A very recent decision of the Court of Appeal concerning vicarious liability is Cox v. Ministry of Justice [2014] EWCA Civ 132, in which the judgments were handed down on 19 February 2014. In that case one of the questions was whether the Ministry was vicariously liable for the acts of a prisoner working in a prison kitchen which had injured the claimant. The leading judgment was that of McCombe LJ. He identified the approach to be adopted to determining whether vicarious liability should be found in particular circumstances at paragraph 42 of his judgment:-
“For my part, I accept Mr. Weir’s submissions. It seems to me that, adopting a principled, coherent and incremental approach, which Mr. Morton urges us to adopt, requires us carefully to apply (as Lord Phillips did) the features of the traditional relationship giving rise to vicarious liability (for which the paradigm is employment) and ask whether the features of the present case fall within them so that it is fair and just to impose vicarious liability. To do this is, I think, to ask the same thing as whether the relationship in question is one “akin to employment”.”

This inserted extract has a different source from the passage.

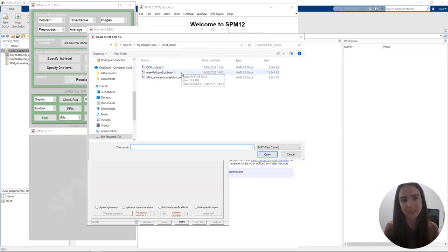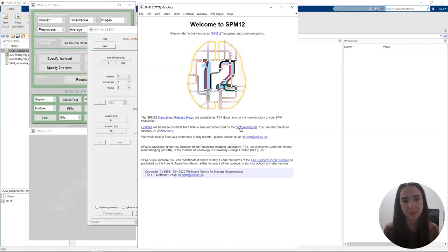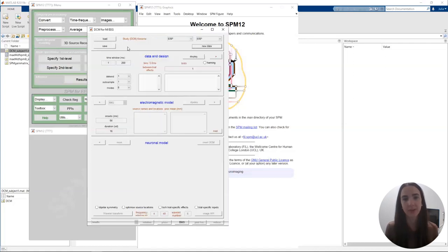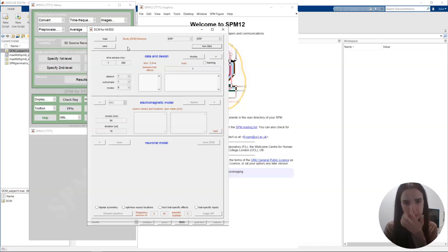We're going to start by loading the data. To do that we click on New Data and select our data file. Once we've loaded our data, we can start looking at the different settings and options available.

In considering whether the circumstances of the case in E v. English Province of Our Lady of Charity, supra, were “akin to employment” Ward LJ addressed the questions of control of the activities of Father Baldwin by the bishop, whether the activities of Father Baldwin were undertaken for the purposes of an organisation operated by those whom it was sought to hold vicariously liable for those activities, whether Father Baldwin was integrated into such organisation, and whether his activities were for the purposes of a business of his own, rather than for the purposes of a business of the bishop. I respectfully agree that those are the principal considerations which arise when the issue is, is the relationship between a wrongdoer and the person or persons whom it is contended should be held to be vicariously liable for the activities of the wrongdoer “akin to employment”. In the circumstances of the present case, as I have pointed out, Mr. Whetstone exercised a high degree of control over Mr. Sudworth and his activities. Not only was Mr. Sudworth bound to follow the policies prescribed by Mr. Whetstone, but he was to attend to provide his services at times prescribed by Mr. Whetstone, and to charge fees for his services fixed by Mr. Whetstone. Mr. Whetstone certainly had an organisation, the Practice, which undertook the provision of dental treatment to patients, and Mr. Sudworth participated in that organisation and was integrated into it. He was provided with the physical means to undertake the provision of dental services, both in terms of the necessary equipment, but also in terms of the necessary support staff. In no meaningful sense was Mr. Sudworth an independent dental practitioner merely taking advantage of premises provided by Mr. Whetstone. Mr. Sudworth could not decide of his own choice when to work, or what to charge for his services. When the Sudworth Contract came to an end he could not take “his” patients or their records with him. It seems to me that the relationship between Mr. Whetstone and Mr. Sudworth was as “akin to employment” as one could get in a relationship deliberately structured by contract to avoid an employment relationship.
In the result I find that Mr. Whetstone is vicariously liable to the claimants in action HQ13X03579 for the negligent treatment of them by Mr. Sudworth.
In the course of his submissions Mr. Butler contended that Mr. Whetstone owed to the patients of Mr. Sudworth a personal non-delegable duty of care to ensure that Mr. Sudworth was not negligent in his treatment of them. I do not think that that point was open to Mr. Butler on the Particulars of First Defendant’s Additional Claim against the Third Party, and so I do not need to consider it. However, it is, perhaps, ironic, that, if this contention were sound, it would mean that there was no obvious policy reason for imposing vicarious liability on Mr. Whetstone for the negligence of Mr. Sudworth.
Conclusion
For the reasons which I have explained, both action HQ12X00737 and the Third Party claim in action HQ13X03579 fail and are dismissed.